Ospite alla trasmissione “Maracanà” di “TMW Radio”, il presidente FIGC Gabriele Gravina ha parlato del futuro della Serie A:

“Nessuno oggi come oggi è in grado di fare previsioni finché l’emergenza sanitaria terrà sotto scacco la società. L’emergenza ha aggredito ogni settore, anche quello economico. […] Fino al 18 aprile ci dovrebbe essere il lockdown, l’ipotesi è partire dal 20 di maggio o in un’ultima analisi con i primi di giugno, potremo a luglio definire i nostri campionati. Non c’è una data definitiva, né per la partenza né per l’arrivo.

Cosa fare caso di stop definitivo? Annullare credo sia abbastanza complicato, con un campionato che ha visto la disputa di oltre due terzi del campionato. Ci sarebbe una grave ingiustizia che porterebbe ad una emergenza legale durante una emergenza epidemiologica. 

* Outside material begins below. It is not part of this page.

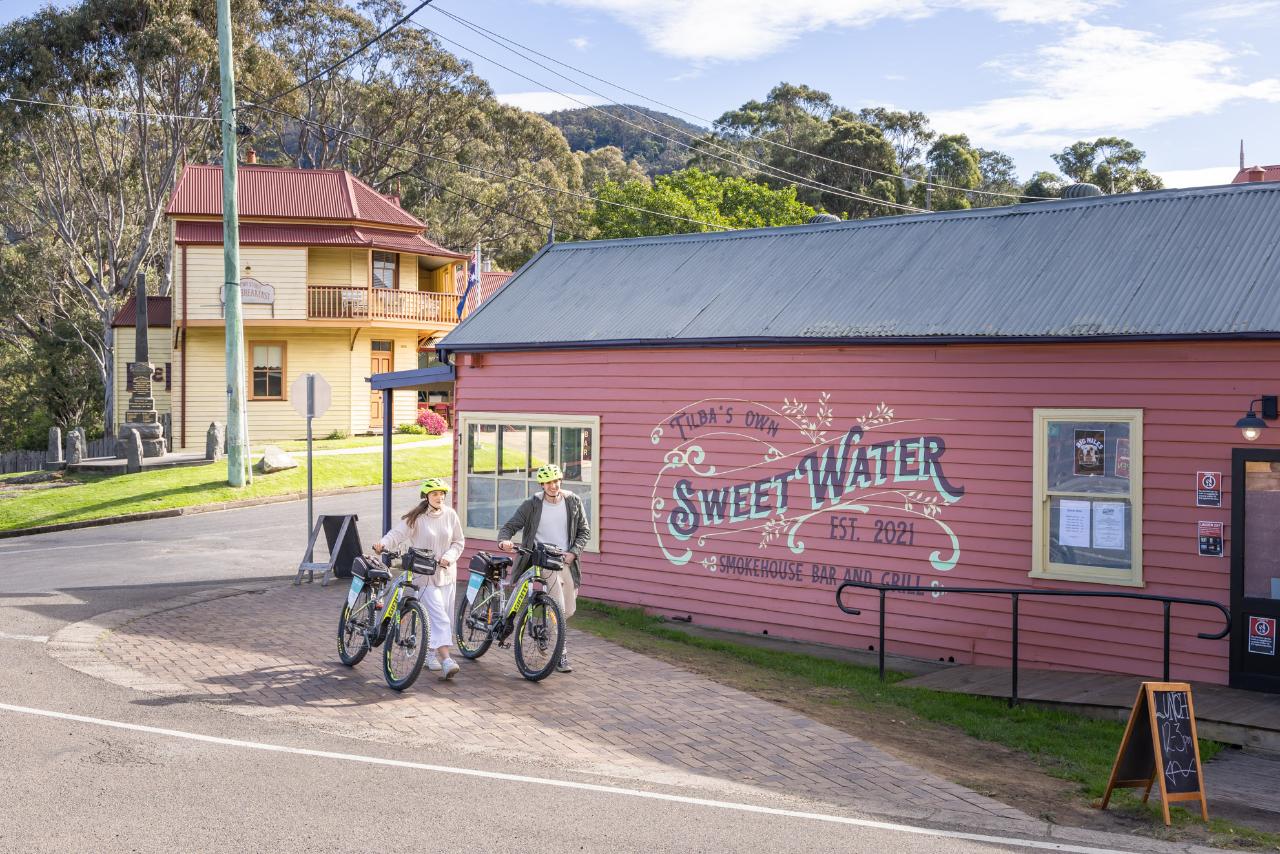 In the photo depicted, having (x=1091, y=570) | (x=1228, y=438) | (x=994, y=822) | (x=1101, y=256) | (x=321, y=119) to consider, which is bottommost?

Lo Scudetto bisogna decidere solo di assegnarlo o meno e la stessa Juventus credo abbia espresso un non gradimento di una soluzione di questo tipo. Poi c’è l’indicazione, di interesse internazionale, sulle società che devono andare in Europa. Non è il momento per questi ragionamenti, ma è chiaro che chi ha il diritto a partecipare ad un campionato diverso, parlo della Serie B, sarebbero le prime due, non certo la terza, che dovrebbe affrontare i play-off. Nessuno può rivendicare la promozione da terza in classifica. Ripeto che comunque farò di tutto per la definizione dei campionati in campo, un’estate in tribunale non sarebbe un atto di grande responsabilità”.